Practically, that means getting chocolate milk out of schools, pop machines out of community centres, wieners off the menu of nursing homes, and the orgy of cakes and cookies out of meeting rooms. But that’s not going to happen simply by publishing glossy brochures and creating an interactive website.

Healthy eating, as it is proposed in Canada’s Food Guide, is a privilege of wealth. The symbolic fruity/nutty/grainy plate is actually out of reach for many who struggle with poverty, food insecurity and health illiteracy.

A Food Guide is an essential part of but not a substitute for a food strategy.

It does nothing to address the fact that one in six children in Canada are affected by food insecurity, or that this country ranks 37th of 41 in access to nutritious food, according to UNICEF.

The reason Canada got a Food Guide in the first place (in 1942) was that malnourishment was widespread to the point that it was difficult to recruit soldiers to fight in the Second World War.

The original Food Guide (actually called the Official Food Rules) was designed to get people to eat more and to respect wartime rationing. We got food groups because those categories of food were rationed, not because they were essential for good nutrition.

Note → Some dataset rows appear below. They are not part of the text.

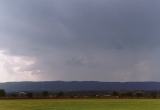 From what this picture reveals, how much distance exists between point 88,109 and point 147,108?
293 inches

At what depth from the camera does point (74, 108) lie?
4875cm

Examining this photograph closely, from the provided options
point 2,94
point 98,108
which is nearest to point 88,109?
point 98,108

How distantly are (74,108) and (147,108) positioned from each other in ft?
30.3

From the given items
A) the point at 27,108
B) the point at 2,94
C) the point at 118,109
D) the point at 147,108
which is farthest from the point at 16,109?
the point at 2,94

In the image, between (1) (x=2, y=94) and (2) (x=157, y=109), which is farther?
(1) (x=2, y=94)

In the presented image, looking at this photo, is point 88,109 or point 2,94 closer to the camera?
point 88,109

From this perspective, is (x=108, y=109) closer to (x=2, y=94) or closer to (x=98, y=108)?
(x=98, y=108)

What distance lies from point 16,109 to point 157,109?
17378 millimetres

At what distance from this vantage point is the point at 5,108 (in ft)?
160

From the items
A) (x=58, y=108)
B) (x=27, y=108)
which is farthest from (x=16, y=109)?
(x=58, y=108)

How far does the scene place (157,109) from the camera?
4619cm

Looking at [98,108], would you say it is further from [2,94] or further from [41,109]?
[2,94]

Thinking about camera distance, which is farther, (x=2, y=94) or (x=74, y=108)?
(x=2, y=94)

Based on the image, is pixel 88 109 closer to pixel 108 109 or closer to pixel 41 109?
pixel 108 109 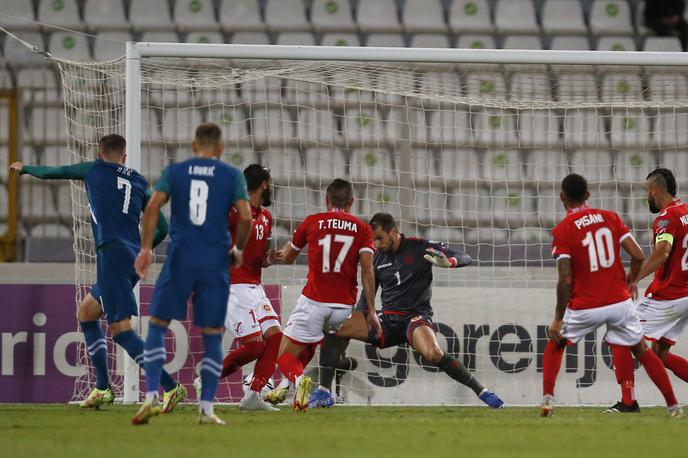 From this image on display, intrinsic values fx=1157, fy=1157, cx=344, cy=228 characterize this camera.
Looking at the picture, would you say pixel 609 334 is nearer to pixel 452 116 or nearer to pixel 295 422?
pixel 295 422

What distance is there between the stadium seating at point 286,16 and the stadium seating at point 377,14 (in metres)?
0.77

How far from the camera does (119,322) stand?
8141 mm

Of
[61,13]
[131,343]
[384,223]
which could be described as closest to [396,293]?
[384,223]

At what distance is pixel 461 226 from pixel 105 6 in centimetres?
619

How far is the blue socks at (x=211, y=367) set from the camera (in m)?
6.76

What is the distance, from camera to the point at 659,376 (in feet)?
27.2

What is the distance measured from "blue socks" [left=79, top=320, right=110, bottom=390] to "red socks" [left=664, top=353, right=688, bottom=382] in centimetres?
441

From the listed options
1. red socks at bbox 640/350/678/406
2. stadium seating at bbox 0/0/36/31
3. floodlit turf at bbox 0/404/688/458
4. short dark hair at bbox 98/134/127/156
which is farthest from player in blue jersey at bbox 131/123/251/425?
stadium seating at bbox 0/0/36/31

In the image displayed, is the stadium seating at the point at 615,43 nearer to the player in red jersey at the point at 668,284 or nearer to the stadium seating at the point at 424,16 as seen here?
the stadium seating at the point at 424,16

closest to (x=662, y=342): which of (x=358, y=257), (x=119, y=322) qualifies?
(x=358, y=257)

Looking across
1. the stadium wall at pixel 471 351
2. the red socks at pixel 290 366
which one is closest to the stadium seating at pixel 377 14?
the stadium wall at pixel 471 351

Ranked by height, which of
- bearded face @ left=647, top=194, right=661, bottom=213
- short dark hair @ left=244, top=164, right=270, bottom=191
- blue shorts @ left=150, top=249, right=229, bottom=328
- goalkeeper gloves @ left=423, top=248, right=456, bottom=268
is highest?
short dark hair @ left=244, top=164, right=270, bottom=191

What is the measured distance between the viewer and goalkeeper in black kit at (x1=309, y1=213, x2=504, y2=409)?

Today, our fancy new Food Guide skirts around some important political and social realities. We have as much malnutrition today as 70 years ago, but today it is as much about eating too much as too little.

The rationing of food that exists today is largely the result of economic inequality: People on low incomes can only afford or access the highly processed foods that don’t appear on the pretty plate.

Initially, the global issue driving food policy was feeding the war machine. Today, climate change is the most urgent and overwhelming policy challenge in the world. That means creating a sustainable food system – one that, among other things, creates far fewer carbon emissions and results in much less food waste – has to be a priority.

The Food Guide does not address these issues directly; rather, it urges Canadians to eat less meat, dairy and processed foods, all of which are energy-intensive to produce.

There is nothing wrong, per se, about the healthy plate that is now the symbol of Canada’s Food Guide.

But it will only be impactful if we realize that setting the table around that plate is equally, if not more, important for our individual and collective health.